Address: 5 Rue Royer-Collard, 75005
Hours: Open every day for lunch and dinner
Telephone: +33 1 43 26 80 49
The best way to understand the underground appeal of Empire Celeste is by comparing it to another well-known Parisian Chinese restaurant, Davé. Offering run-of-the-mill Chinese cuisine in a cramped, kitchy red interior, Davé is notoriously popular with the fashion set. Its walls are festooned with images of the proprietor arm-in-arm with Yves Saint-Laurent, Mick Jagger, and Kim Kardashian. Empire Celeste, run by three generations of the Wang family since the restaurant’s founding in 1953, is the Davé of another peculiar subculture: the natural wine crowd.

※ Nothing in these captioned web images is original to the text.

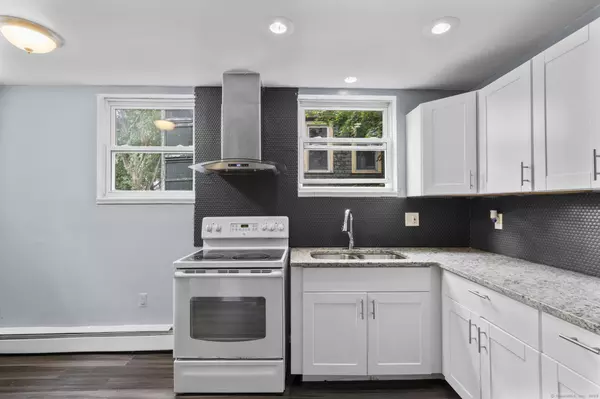 Waterbury, CT 06710,22 Wyman Street #1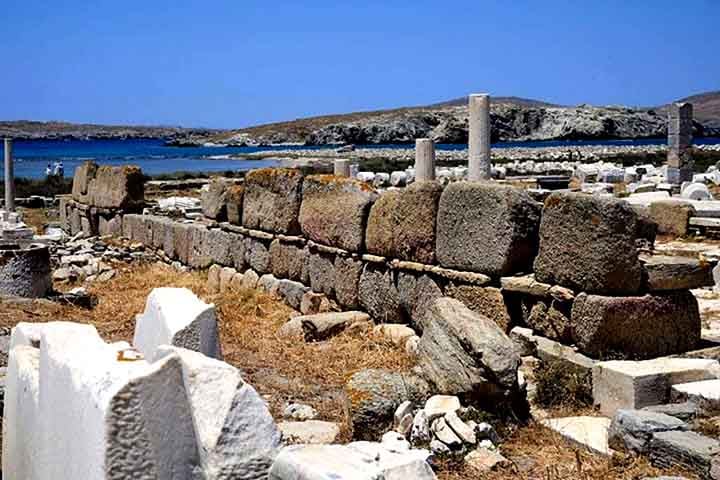 As estruturas residenciais eram erguidas com paredes de alvenaria de entulho unidas por argila e revestidas com uma camada de argamassa de cal. 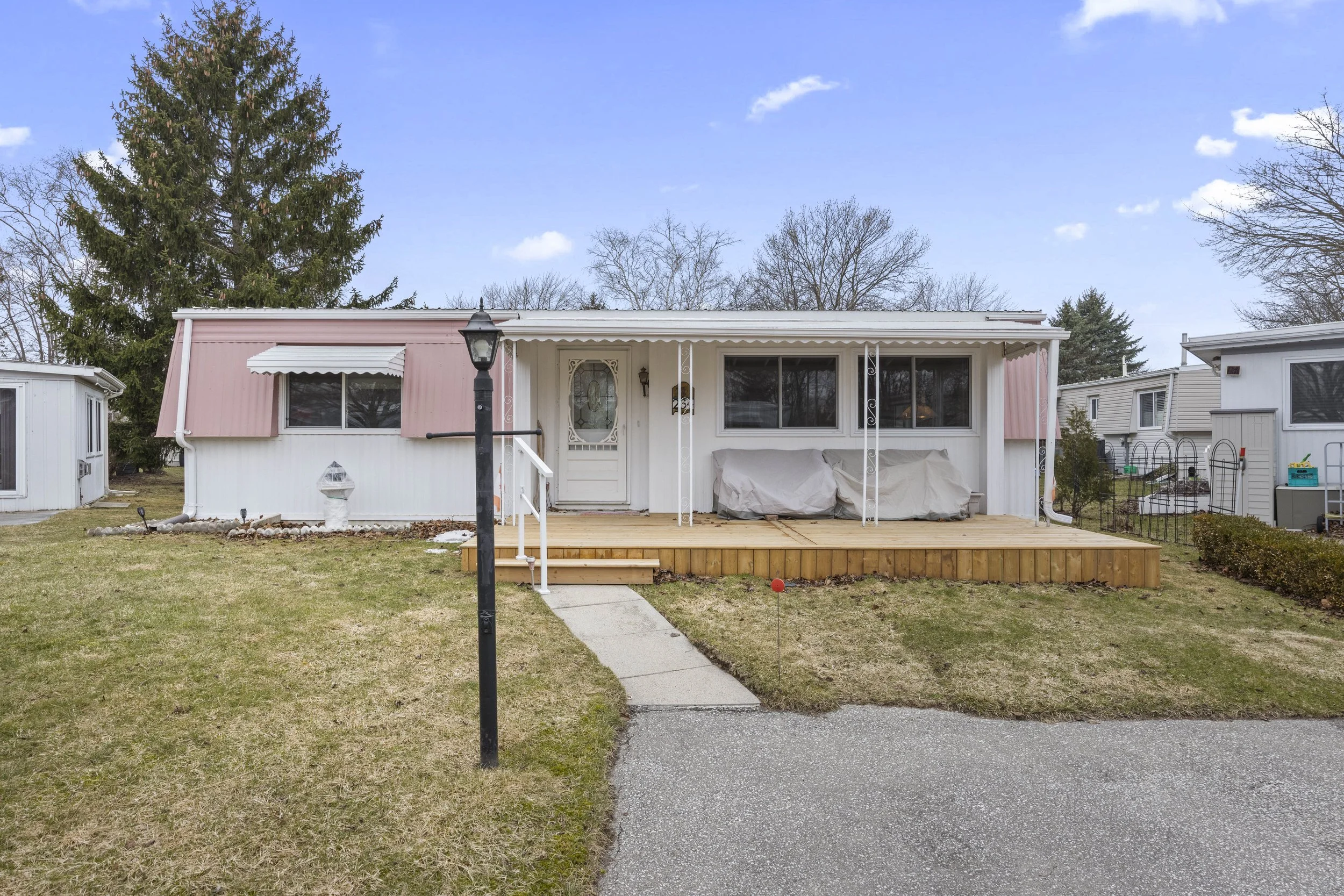 264 Highland Springs -01.JPG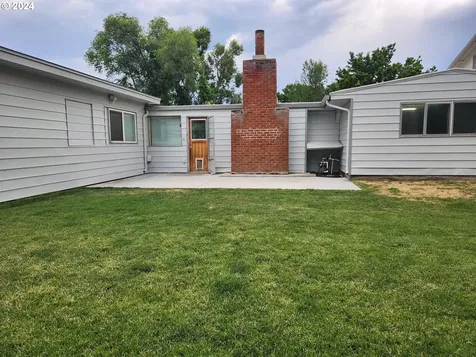 806 Benton Avenue La Grande OR 97850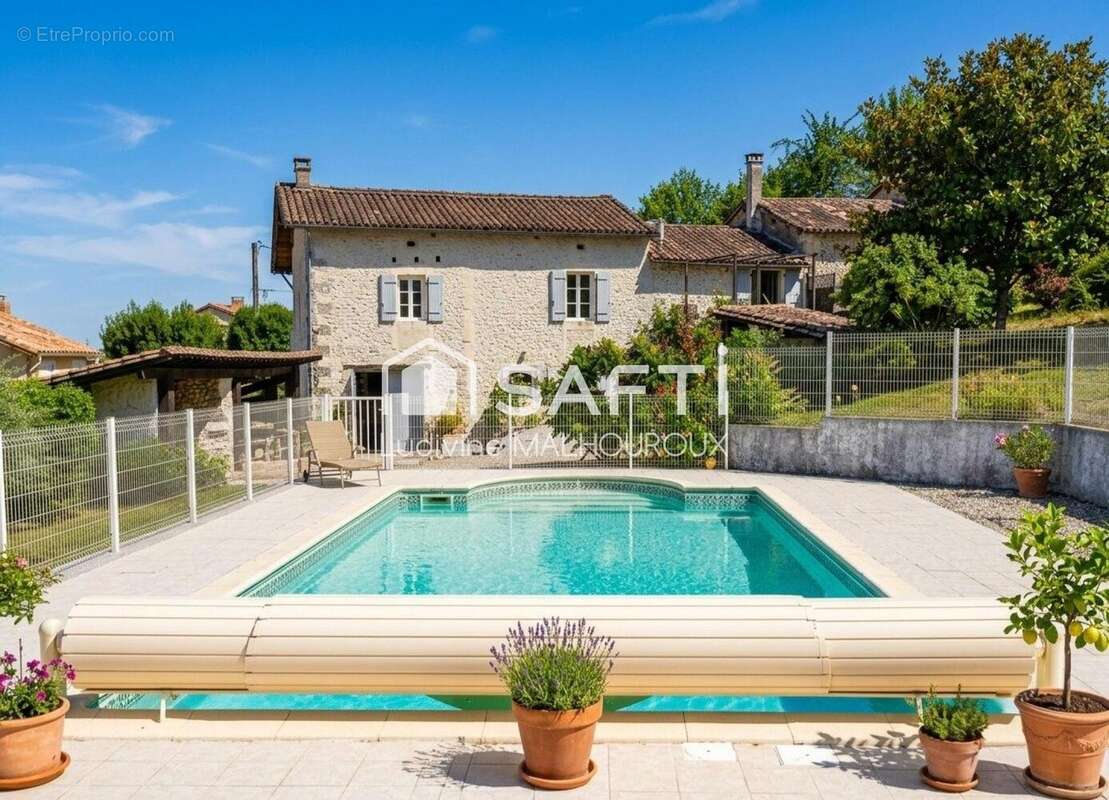 Photo 2 - Maison à SALLES-LAVALETTE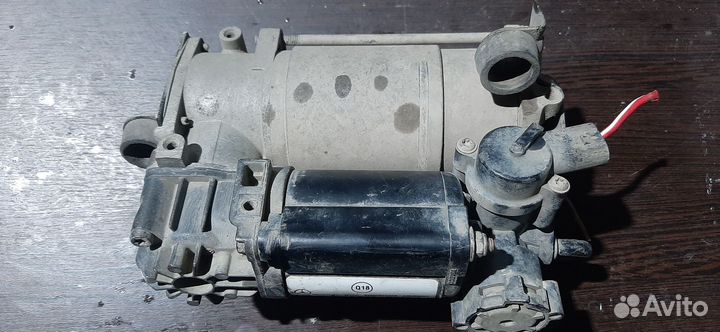 Компрессор пневмоподвески mercedes w220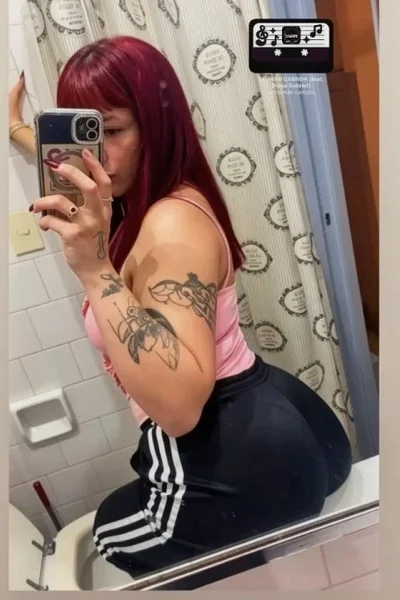 Nicky (22 años) — Microcentro, Argentina - 1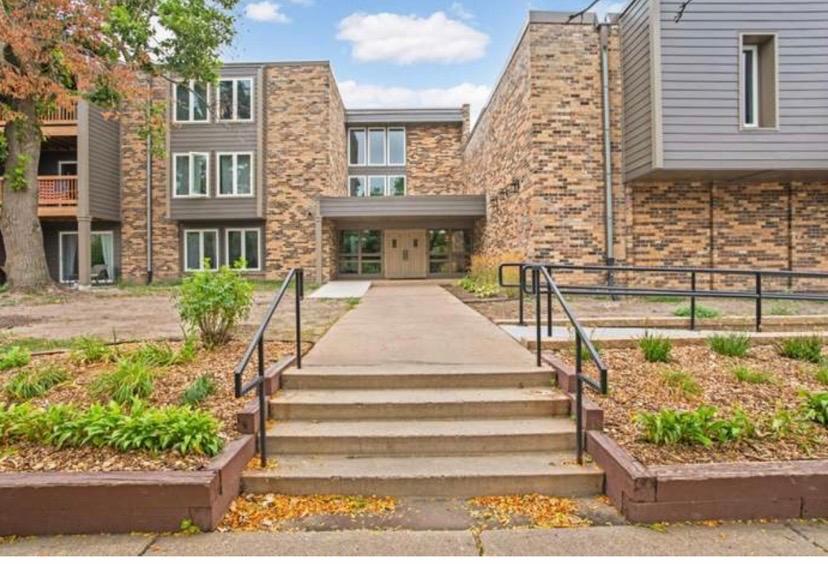 450 Ford Road, Unit 215 St. Louis Park, MN 55426 - Photo 2 of 17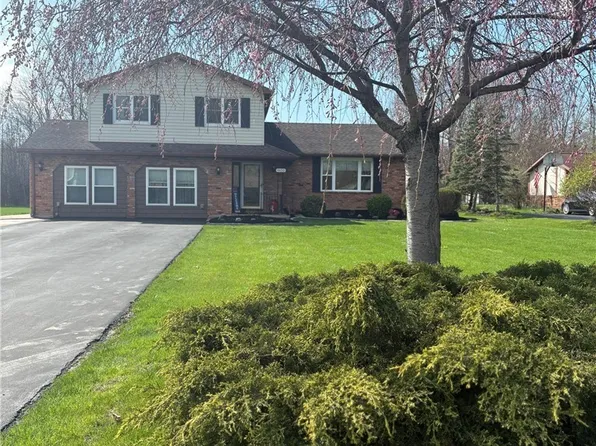 4430 Creek Rd, Lewiston, NY 14092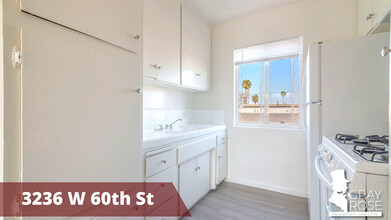 3236 West 60th Street in Los Angeles, CA - Foto de edificio - Building Photo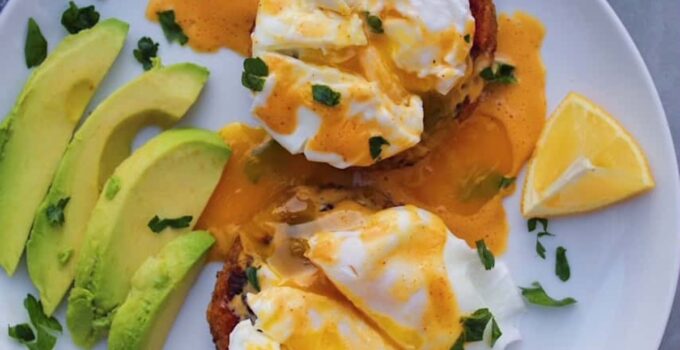Crab Cakes Eggs Benedict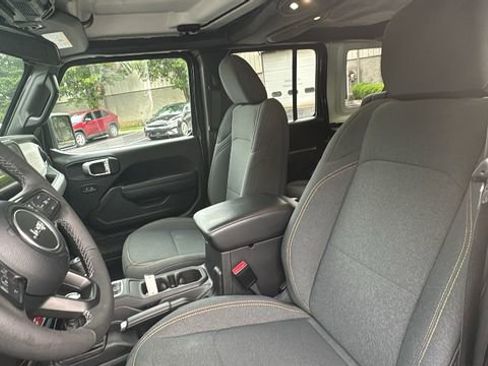 Used 2025 Jeep Wrangler Unlimited Sport S 4xe AWD/4WD image 29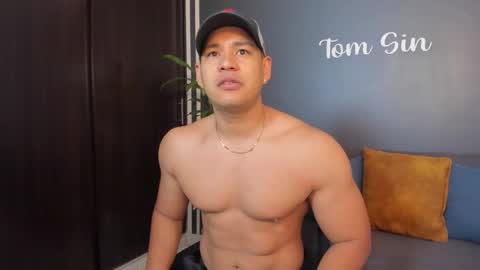 Snapshot of tom_sin_ chatting on 01/18/25, 12:57 Tom Sin online show from 01/18/25, 12:57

Lucie Wang, who manages her father’s restaurant along with her sister Catherine, has served exclusively natural wine at the restaurant for over a decade, and counts as friends many of the pioneers of the movement: Thierry Puzelat, Dominique Hauvette, Michèle Aubry. Instead of framed selfies with stars, her restaurant boasts, above its service bar, a supreme collection of ultra-rare bottles from the legendary Jura winemaker Pierre Overnoy.
Don’t visit Empire Celeste in the hope of scoring those Overnoy bottles. (They are not on the list; Wang reserves them for winemaker friends.) Do visit Empire Celeste to enjoy the rest of the concise, well-priced wine list, which includes similarly hard-to-find gems from Hervé Souhaut and others.
Empire Celeste’s menu, which doesn’t appear to have changed much over the decades, is best appreciated as a cultural relic of sorts: the type of elementary Chinese cuisine that appealed to bourgeois mid-century Parisians: chicken tenders swimming in lemon sauce, shrimp with lugubrious bean curd, fried rice and crispy fried pork wontons. Sauces, throughout, are cloyingly sweet. In practical terms, one does well to stick to soups and dumplings.
Most diners will sometimes choose restaurants on the basis of excellent food, without giving a thought to wine quality. Empire Celeste maintains its curious caché because wine geeks are prone to do the opposite.
Empire Celeste in Pictures
In Other Words
Radio France Internationale (2017) cites Empire Celeste as the “the oldest Chinese restaurant in Paris – the oldest maintained by the same family, at least.”
Air France (2017) says the menu at Empire Celeste is “rich and varied,” and recommends the sautéed squid with vegetables.